• INSTRUCTIONS FOR THE TASK:
Take the entries that follow and return only the lines from the one with "Kids Unisex Predator" through the final line, leaving every picture behind.

Scraped caption text data
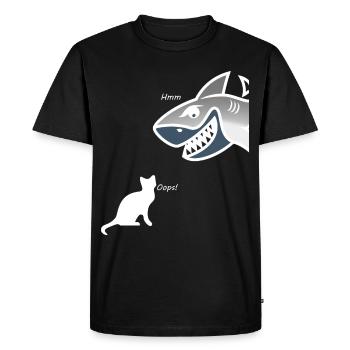 Shark Eating a Cat Shirt - Men's Premium Organic T-Shirt - black - Front - Nico (187cm)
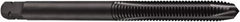 DORMER - 3/8-16 UNC, 2 Flute, Oxide Finish, Powdered Metal Spiral Point Tap - Plug Chamfer, Right Hand Thread, 2-15/16" OAL, 0.602" Thread Length, 0.381" Shank Diam, 3B Class of Fit, Series E026 - Exact Industrial Supply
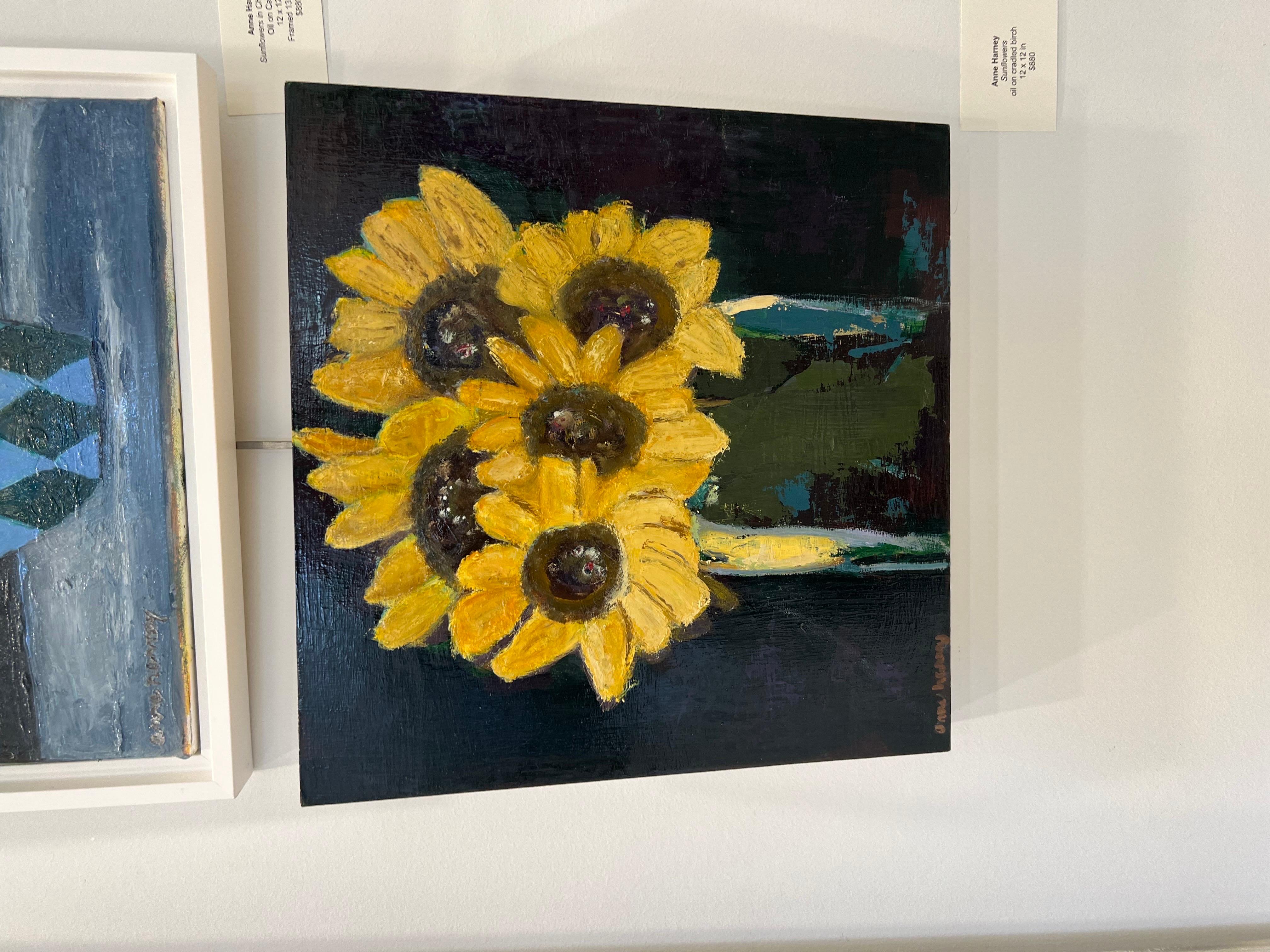 Sunflowers in Clear Vase by Anne Harney, Contemporary Floral Still Life Painting 1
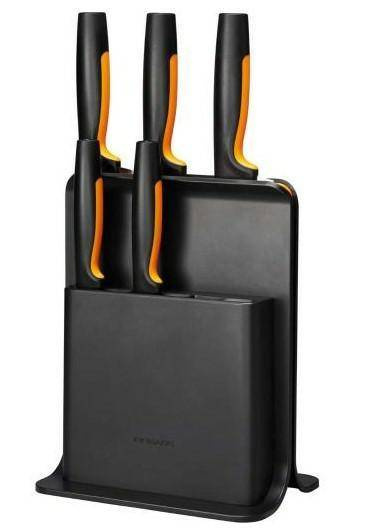 FISKARS ZESTAW 5 NOŻY W BLOKU CZARNYM  FUNCTIONAL FORM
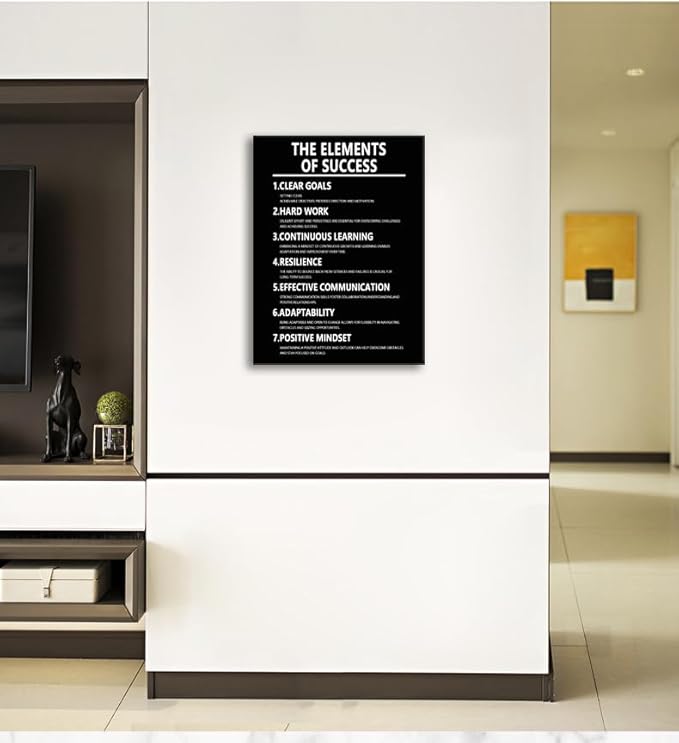 Motivational Canvas Wall Art The Elements Of Success Poster Print Artwork Inspiring Quote Painting Inspirational Office Wall Decor Art for Bedroom Living Room Gym Decor Framed[18''W x 24''H] - Bloomnest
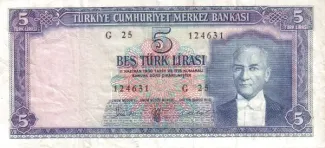 Turkey 5 Lira, 1961 image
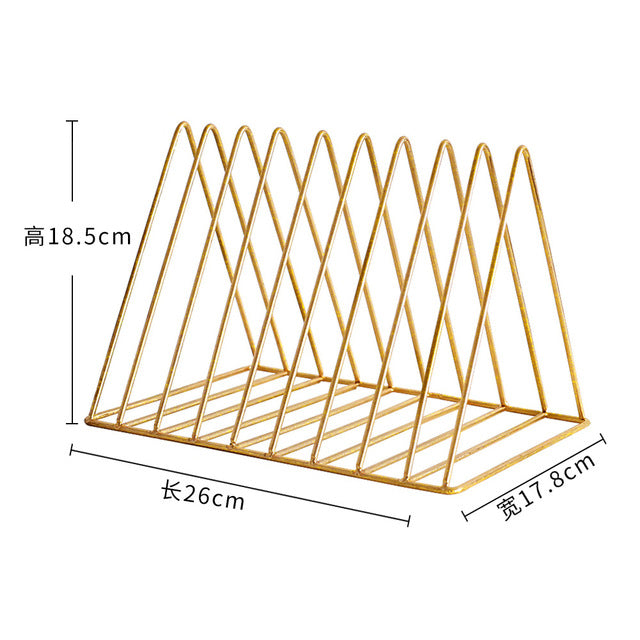 Scandinavian Metal Book Holder for Office & Magazine Storage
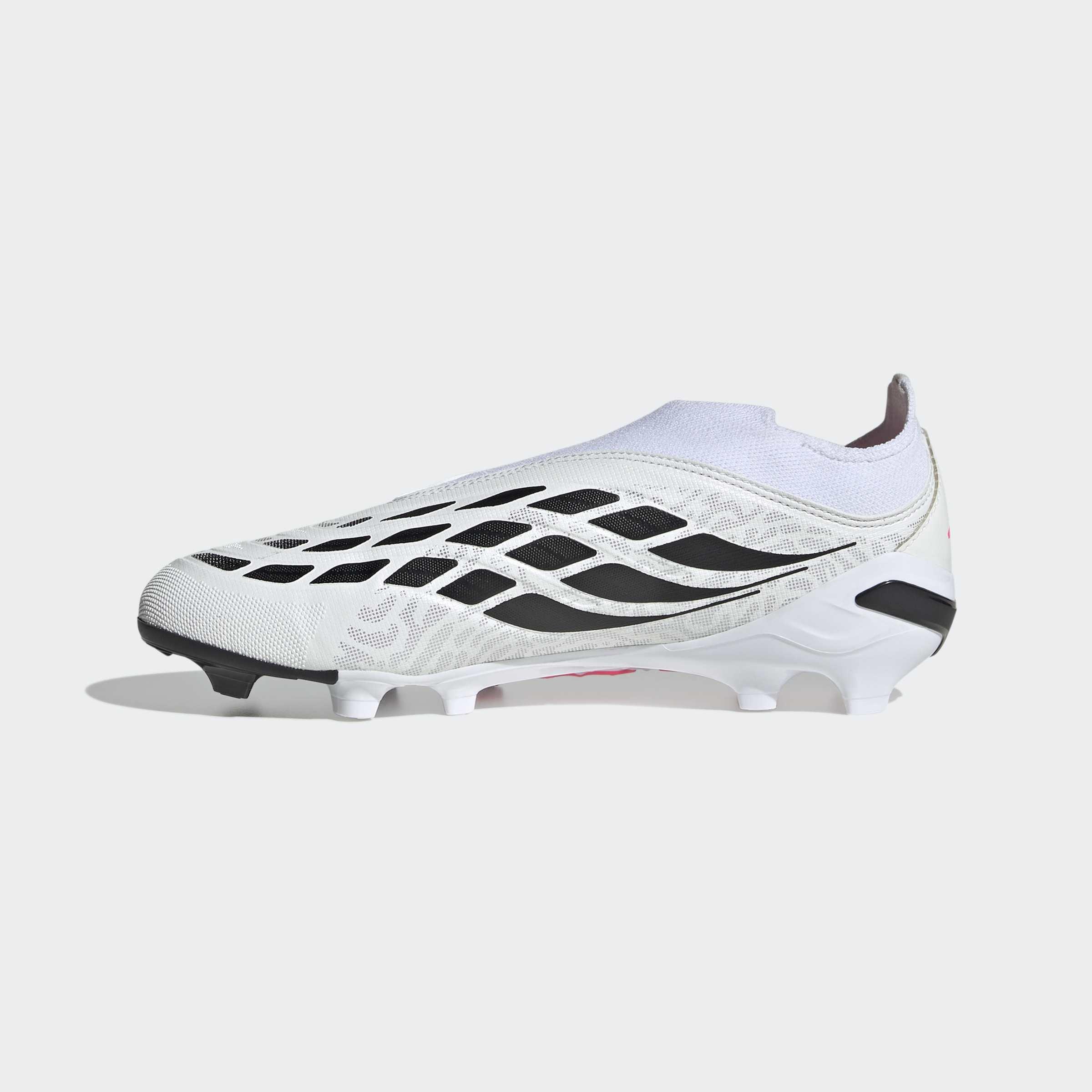 Kids Unisex Predator League Laceless Firm Ground Football Boots, White, A701_ONE, large image number 9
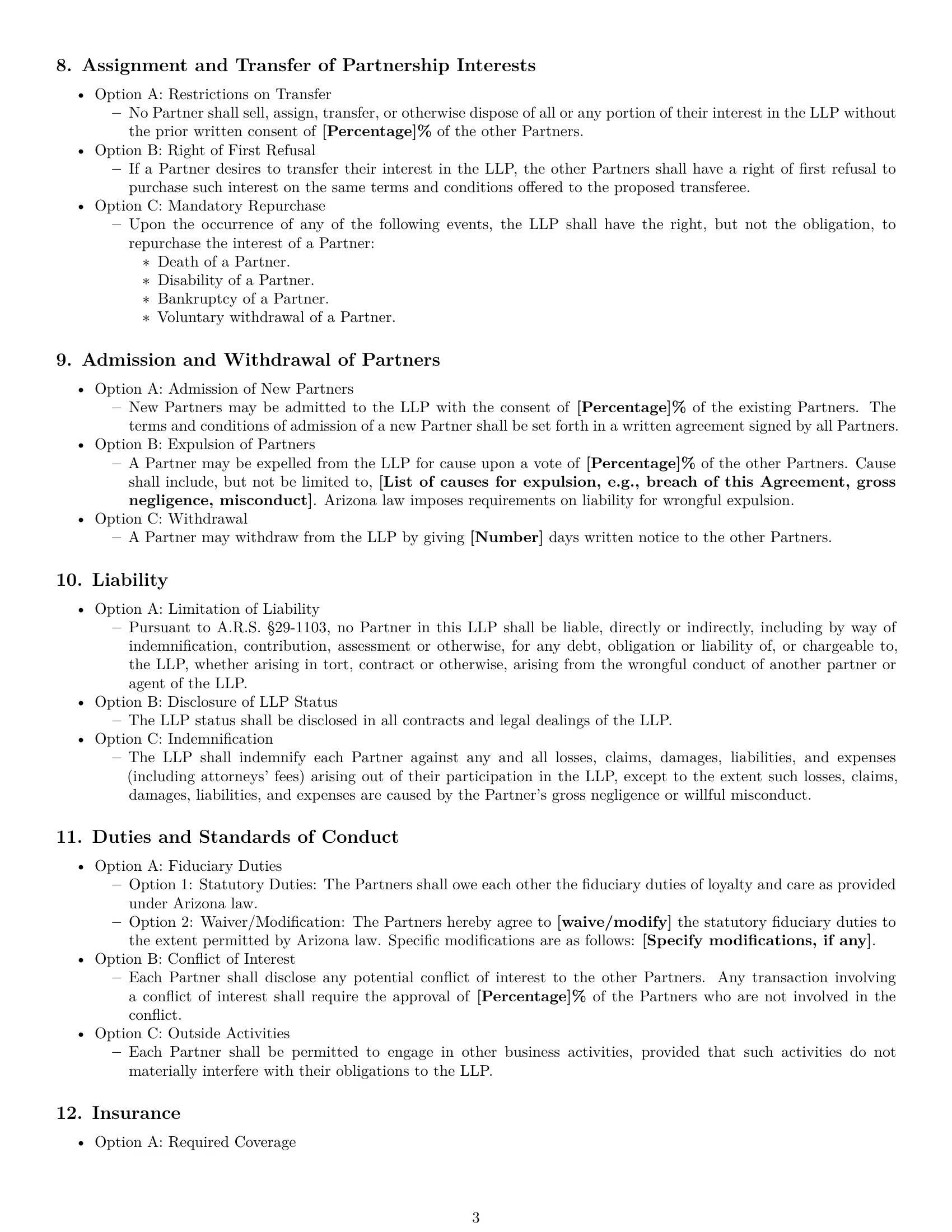 Preview page 3 of Free Arizona limited liability partnership agreement template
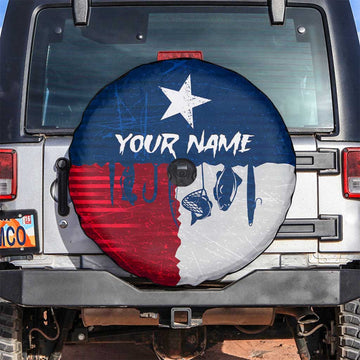 Flag Texas Fishing Spare Tire Cover Personalized Hanging Fish and Hooks Graphic TS04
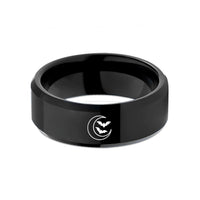 unique present ideas her – black tungsten crescent moon bats wedding band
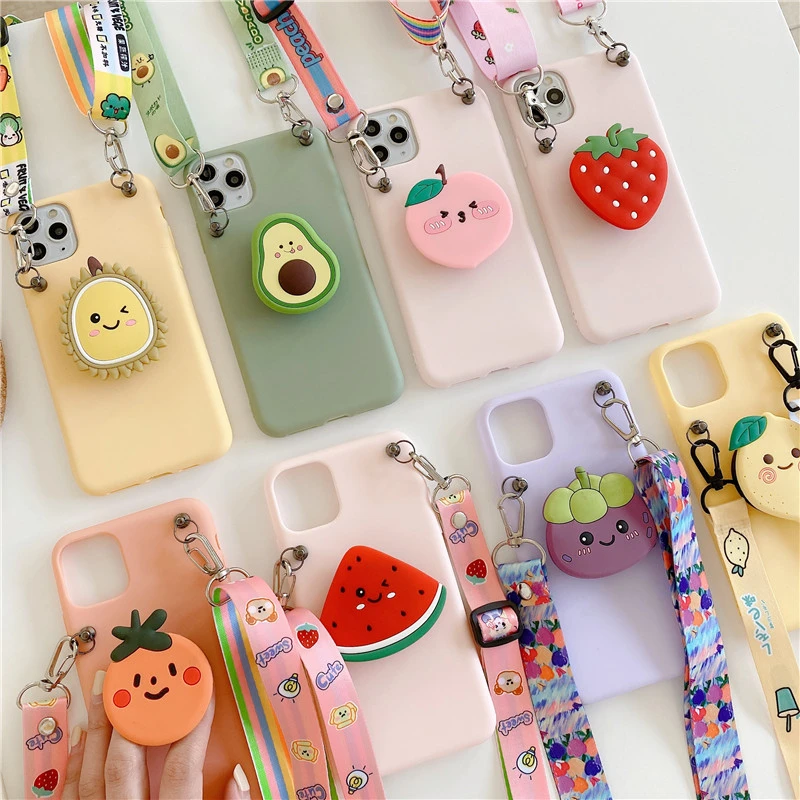 3D avocado Holder Stand Crossbody lanyard Soft phone case for iphone 12 Pro Max 12MiNi 11 Pro Max X XR XS 6S 7 8 plus SE 2020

• OUTPUT FOR THIS TASK:
 Kids Unisex Predator League Laceless Firm Ground Football Boots, White, A701_ONE, large image number 9
 Preview page 3 of Free Arizona limited liability partnership agreement template
 Flag Texas Fishing Spare Tire Cover Personalized Hanging Fish and Hooks Graphic TS04
 unique present ideas her – black tungsten crescent moon bats wedding band
 3D avocado Holder Stand Crossbody lanyard Soft phone case for iphone 12 Pro Max 12MiNi 11 Pro Max X XR XS 6S 7 8 plus SE 2020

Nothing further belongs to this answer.